Todas las semanas, la cara compungida de un ínclito italiano se asoma a los televisores para flagelar las economías europeas. Reformas estructurales, recetas, medidas de ajuste, consolidación fiscal....expresiones ellas que, incardinadas en un discurso oscuro, ambiguo y técnico, brotan de sus labios para ser recibidas con temor por el gran capital, los ciudadanos de a pie y los gobernantes del viejo continente. La economía entera tiembla ante sus declaraciones, las bolsas suben o bajan según las arrugas de su cara, el tono de su voz decide el éxito o el fracaso de las subastas de deuda de los Estados.

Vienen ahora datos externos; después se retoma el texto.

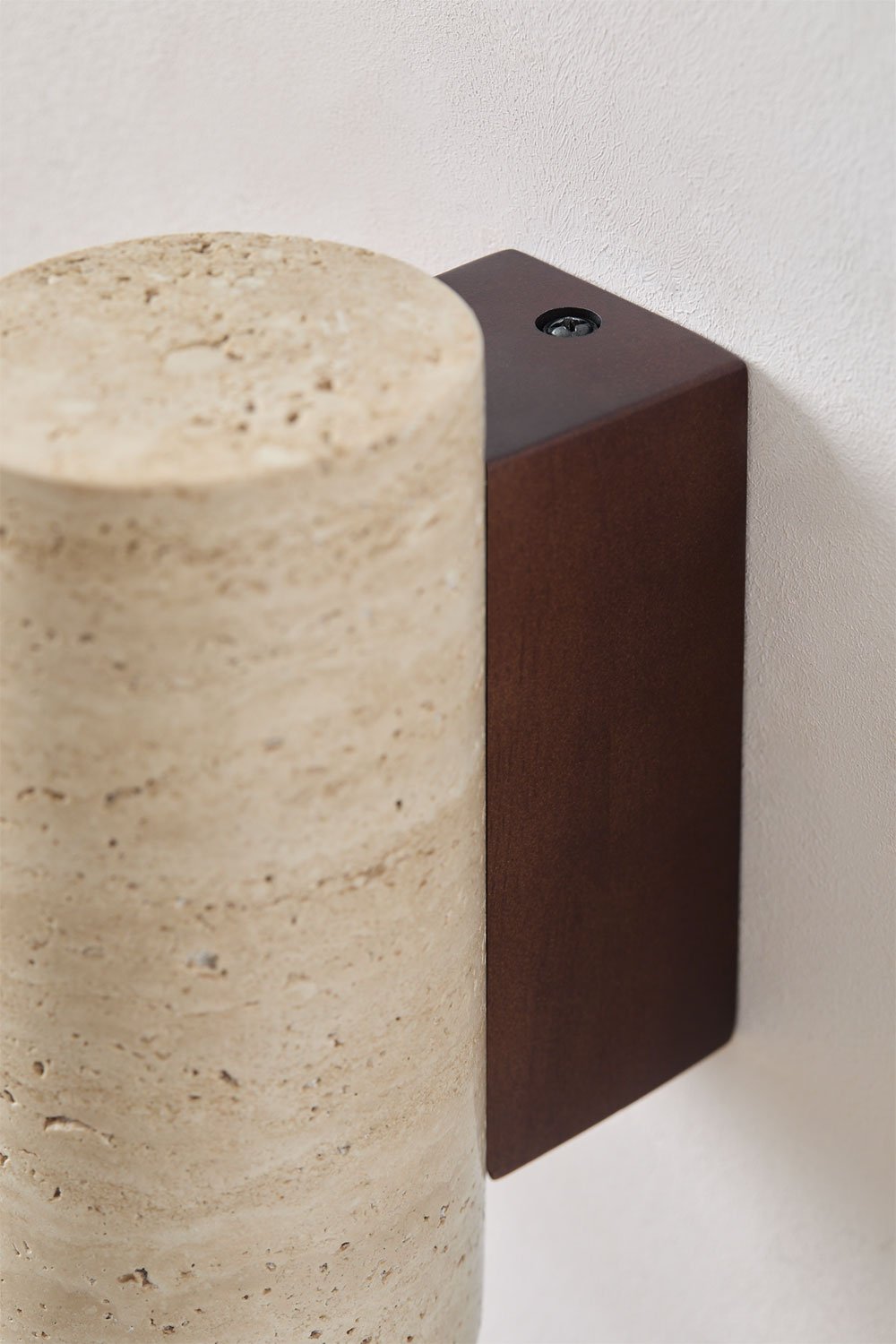 Wandleuchte Davise aus Travertin und Holz, Galeriebild 4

Ante ello, en una mentalidad ínfimamente democrática deben formularse automáticamente al menos tres preguntas: ¿qué político es ese? ¿por qué atesora tanto poder en sus manos? ¿cuál es el origen democrático de su legitimidad? Las respuestas en este caso son tan sencillas como complejas: no es un político, nada ni nadie controla su poder y su origen no se fundamenta en legitimidad alguna. Es Mario Draghi, presidente de esas siglas tan manidas y odiadas del BCE.

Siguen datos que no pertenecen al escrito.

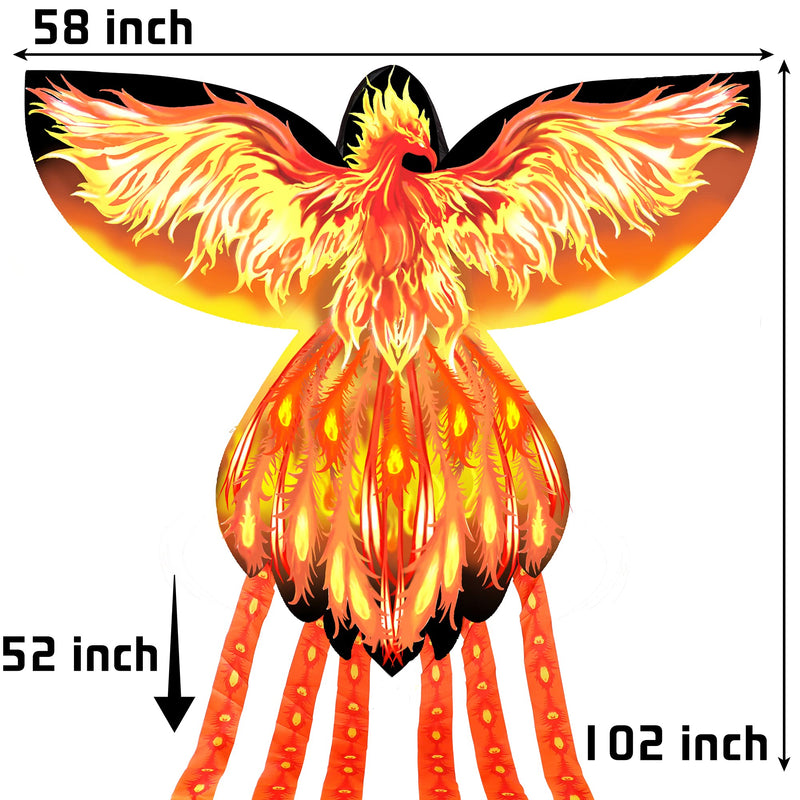 JEKOSEN Phoenix Huge Kite for Kids and Adults Easy to Fly Single Line String with Tail for Beach Trip Park Family Outdoor Games and Activities - BeesActive Australia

El Banco Central Europeo del señor Draghi es un Leviatán indómito cuya inadmisible e ilimitada independencia constituye el escudo idóneo donde se protegen de la política el neoliberalismo más rancio y el pensamiento económico más ortodoxo. Desde la fría sede alemana (cómo no) se dirigen y controlan las políticas de austeridad que pauperizan al pueblo europeo y se somete al yugo de la vergüenza y el castigo injustificado a naciones enteras. La causa que permite la sinrazón actual no es otra que su intangible independencia.

Los dos órganos rectores sobre los que pivota la composición del BCE, el Comité Ejecutivo y el Consejo de Gobierno, gozan de una autonomía sin precedentes en los sistemas democráticos occidentales, justificada, al menos para sus defensores, por la elevación de la lucha antiinflacionista como objetivo último (y único) del Banco Central.<1> Evitar que los políticos acudan al BCE para realizar políticas expansionistas o financiar su propio déficit presupuestario, lo que aumentaría la inflación considerablemente, se convierte en el pretexto idóneo para consagrar la independencia de la institución. Como garantía, los doctos creadores <2> del andamiaje comunitario articularon en los Tratados y en los anejos Estatutos del BCE toda una serie de complejos mecanismos e instrumentos que a continuación intentaremos analizar.

La posición jurídica que a priori ostenta el BCE en el conjunto de la UE supone el primer peldaño de un firme edificio de garantías e inmunidades. La inclusión de sus prolijos Estatutos como protocolo anexo a los Tratados otorga al BCE una especial rigidez normativa en tanto su regulación reviste el mismo valor jurídico que aquellos, siendo necesario para su modificación el más alto grado de compromiso entre los Estados miembros. Es en estos rígidos Estatutos elevados al más alto valor normativo donde se configuran detalladamente las distintas formas de independencia.

Independencia institucional

El artículo 7 de los Estatutos establece que «ni el BCE, ni los Bancos Centrales nacionales, ni ningún miembro de sus órganos rectores recabarán ni aceptarán instrucciones procedentes de las instituciones, órganos u organismos de la Unión, de ningún Gobierno de un Estado miembro ni de ningún otro organismo». He aquí la piedra angular sobre la que gira la independencia del BCE respecto del poder político en sus dos niveles, comunitario y estatal, los cuales, además, se tienen que comprometer a «respetar este principio y a no tratar de influir sobre los miembros de los órganos rectores del BCE o de los Bancos Centrales nacionales en el ejercicio de sus funciones».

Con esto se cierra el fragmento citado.